For many of us now, Lent is one of those times when we might say that we’ll give up chocolate or wine or something similar. We’ve learned that, during those 40 days leading up to Easter, we are supposed to give up something we like. However, from the earliest days of Christendom right up to the late Tudor period (and beyond for some), two key factors determined diet: what was available to eat and what the Church allowed you to eat. Fast days were scattered throughout the calendar. You’ve heard of eating fish instead of meat on Fridays, but there was once a time when fasting was required in the lead up to many of the year’s Holy days. During the Norman period, Advent was a period of fasting. But the best-known, and most-prolonged, fasting period was Lent, for which this pie is named.

Even so, I’m not entirely sure how accurate the description of this as a Lenten pie is. It does contain eggs, after all, as well as sugar, milk, and butter. The more I think about it, I’m not sure that this pie, plain as it may seem to us, could technically be eaten during Lent!
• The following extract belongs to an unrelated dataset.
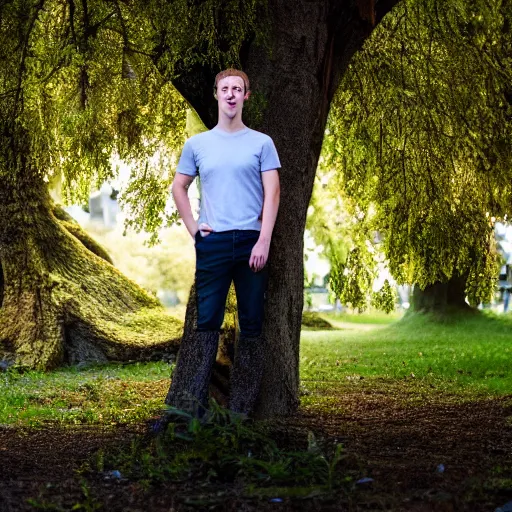 Image similar to high quality photo of mark zuckerberg hiding behind a tree, photography 4k, f1.8 anamorphic, bokeh, 4k, Canon, Nikon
So it contains a fair bit of dairy. What else is in our Lenten or Kentish Pudding Pie? Ground rice and lemons are two other key ingredients. “Hold on,” I hear you ask. “Ground rice and lemons in the Middle Ages?” Yes! Well, sort of. Lemons were brought back from Palestine during the Crusades and then were imported from Spain. Meanwhile, rice found its way across the channel all the way from Asia as far back as the 11th century. It was used in dishes similar to our modern rice pudding. So the ingredients were available. Even so, they would have been rather limited in terms of availability. In other words, even if this was a traditional dish, the ingredients suggest that it would not have been suited to Lent. Nor would the ingredients have been a part of your average English peasant’s diet.

References

Glyn Hughes offers some more information in his wonderful book, The Lost Foods of England. Incidentally, if you don’t have a copy of this book, go over to his site and buy one. I don’t get a commission or anything; I just love the book and refer to it often. He mentions a reference to the pie in an 1888 issue of Good Housekeeping. There it mentions a Kentish custom of “going-a-pudding-pieing”. Groups of youngsters would wash this down with cherry beer at the local inn. Charles G. Harper later mentions the custom in The Dover Road (1922). According to Harper, the pie was “an old-time Kentish delicacy” once available at any inn during Easter week. Sadly, this is a thing of the past. I quite fancy going out for some pie and cherry beer!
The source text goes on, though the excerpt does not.